START Data in this exercise

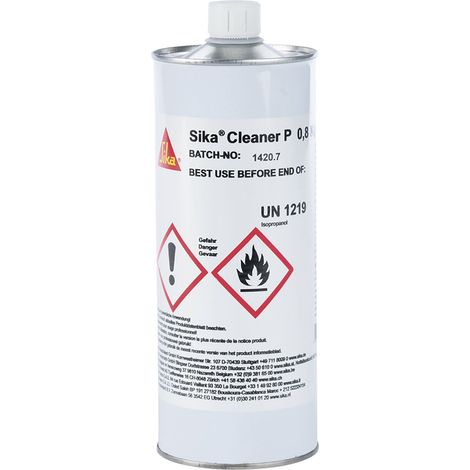 SIKA Cleaner P 1000ml (1/4)
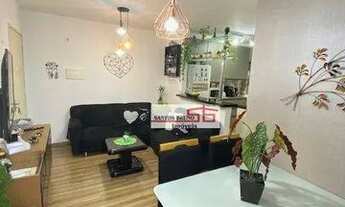 Imagem 2: Apartamento com 2 dormitórios à venda, 50 m² por R$ 340.000,00 - Limão - São Paulo/SP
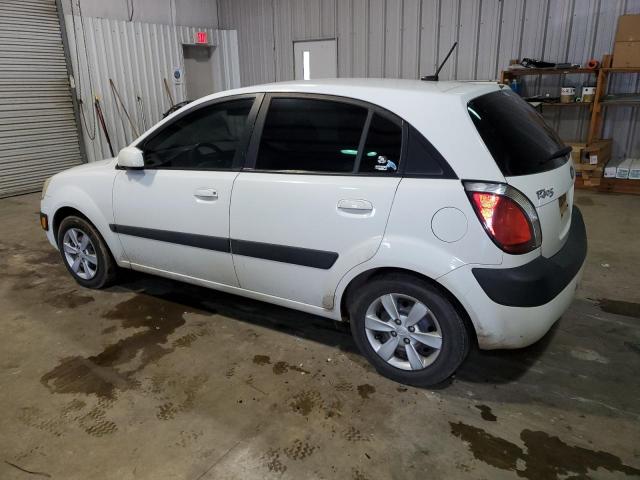 Photo 2 from auction – 2009 KIA RIO 5 SX with VIN KNADE243696475517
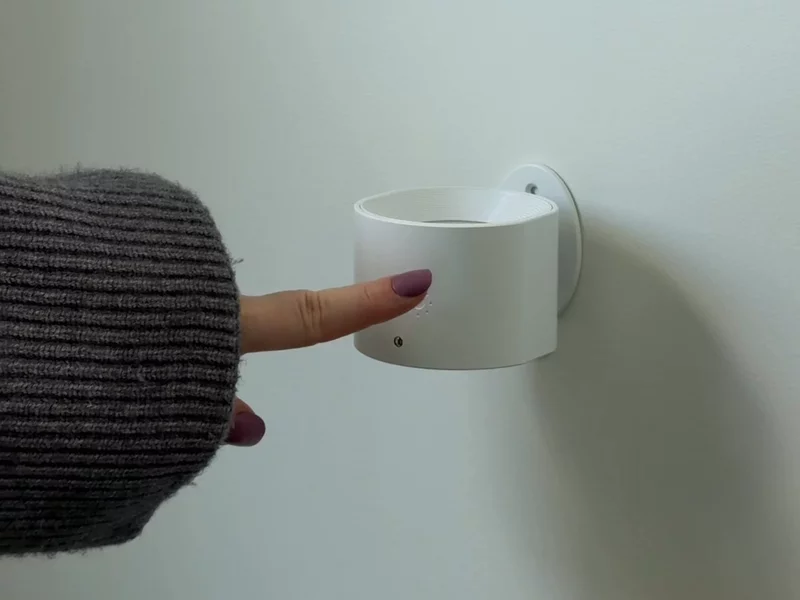 Rent Safe Wall Lights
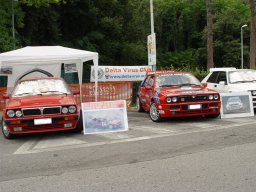 Roma motor show 2007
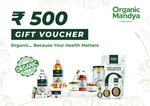 Organic Mandya Gift Voucher ₹500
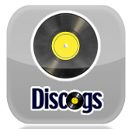discogs logo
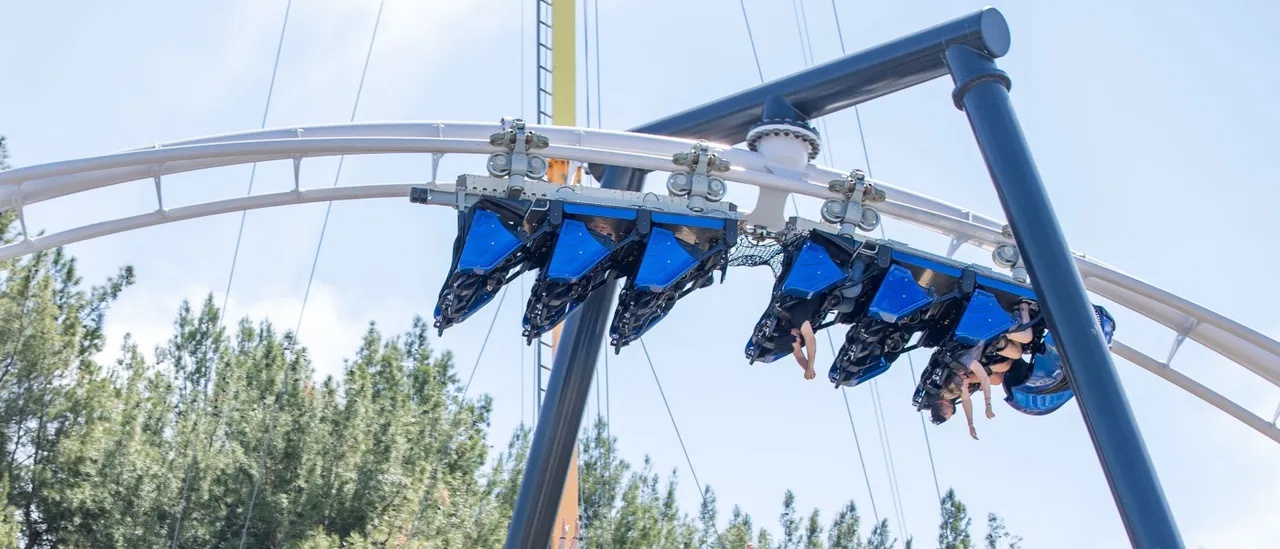 Rider’s Fatal Fall Captured In Rollercoaster Souvenir Photo: REPORT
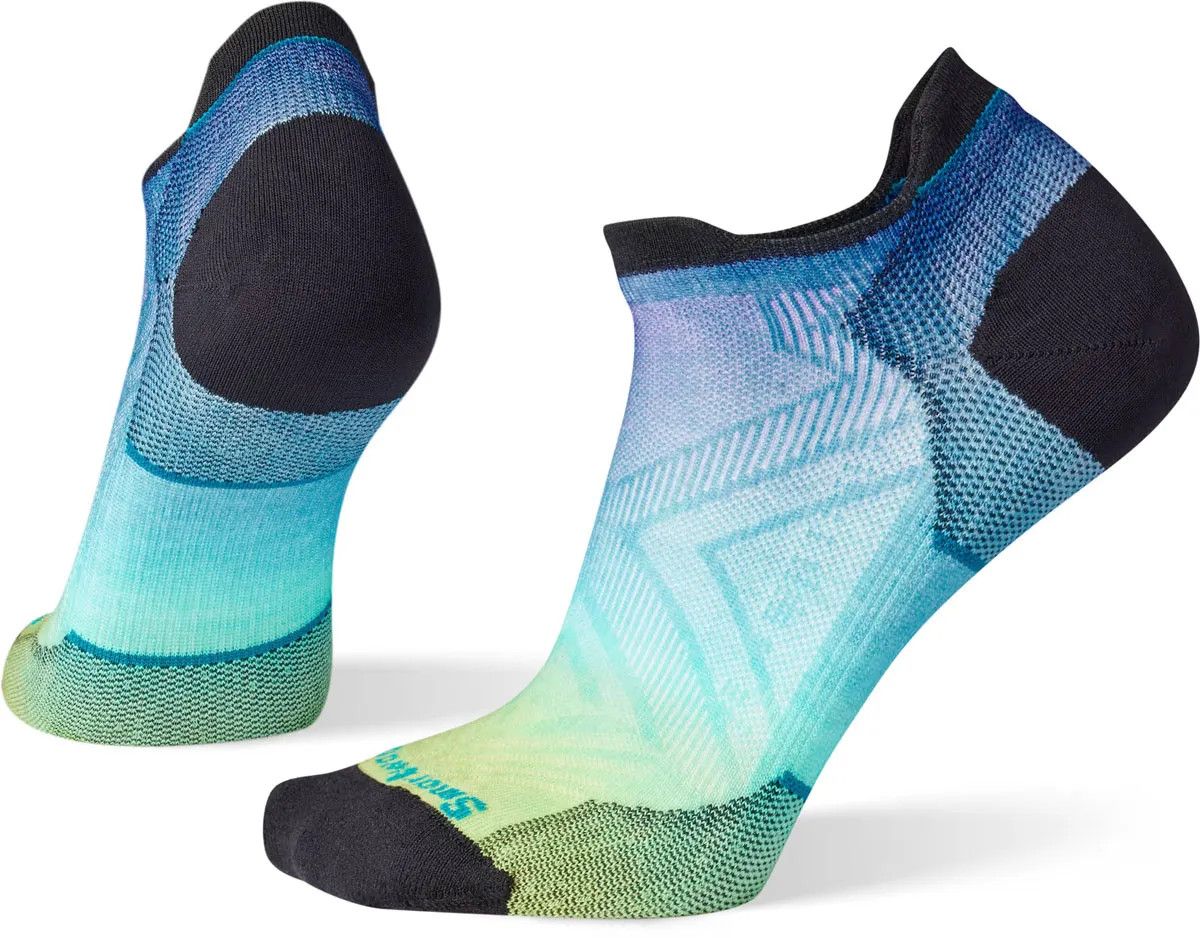 Performance Run Zero Cushion Ombre Print Low
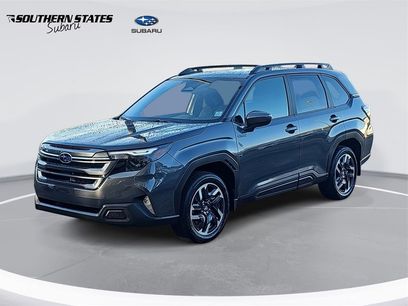 New 2025 Subaru Forester Premium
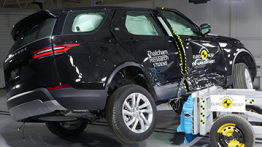  Land Rover Discovery, 2.0 diesel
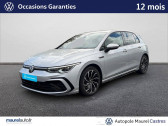 Volkswagen Golf VII occasion année 2023 boite Sequentielle Annonce Volkswagen Golf VII occasion Essence Golf 1.5 eTSI OPF 130 DSG7 R-Line 5p à Castres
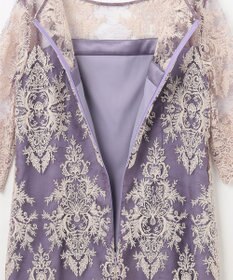 GRACE CONTINENTAL 【オンライン限定ドレス】Gigi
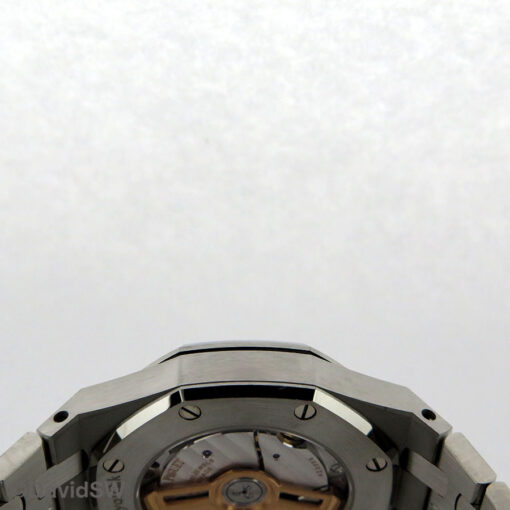 Audemars Piguet 77350ST Royal Oak 34mm Automatic with Silver Dial - Image 6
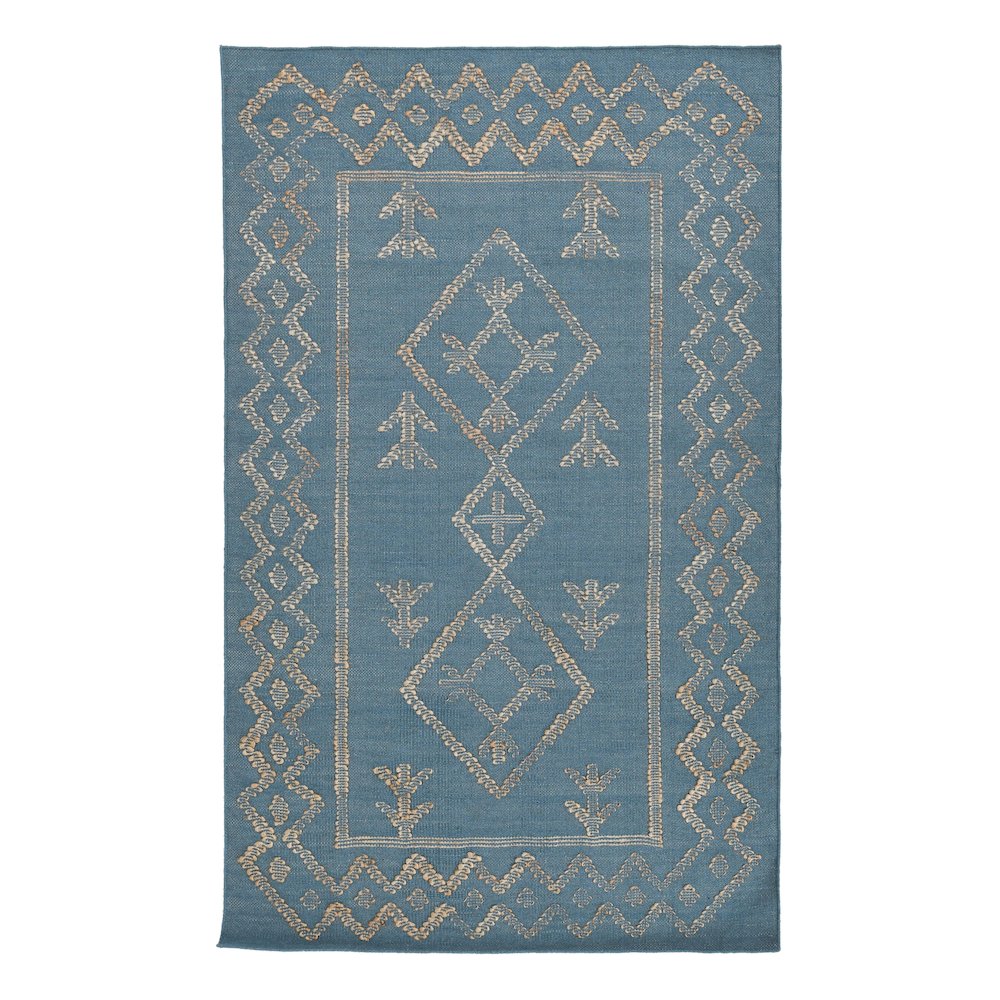 Lagos Wool Blend Accent Rug. Picture 1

END Data in this exercise

**Activity**
Give the lines above again exactly, from the one containing "Rent Safe Wall Lights" to the one containing "Volkswagen Golf VII occasion année", both included, but leave out the pictures.

**Result for this task**
 Rent Safe Wall Lights
 Roma motor show 2007
 Organic Mandya Gift Voucher ₹500
discogs logo
 Rider’s Fatal Fall Captured In Rollercoaster Souvenir Photo: REPORT
 Performance Run Zero Cushion Ombre Print Low
 New 2025 Subaru Forester Premium
  Land Rover Discovery, 2.0 diesel
 Volkswagen Golf VII occasion année 2023 boite Sequentielle Annonce Volkswagen Golf VII occasion Essence Golf 1.5 eTSI OPF 130 DSG7 R-Line 5p à Castres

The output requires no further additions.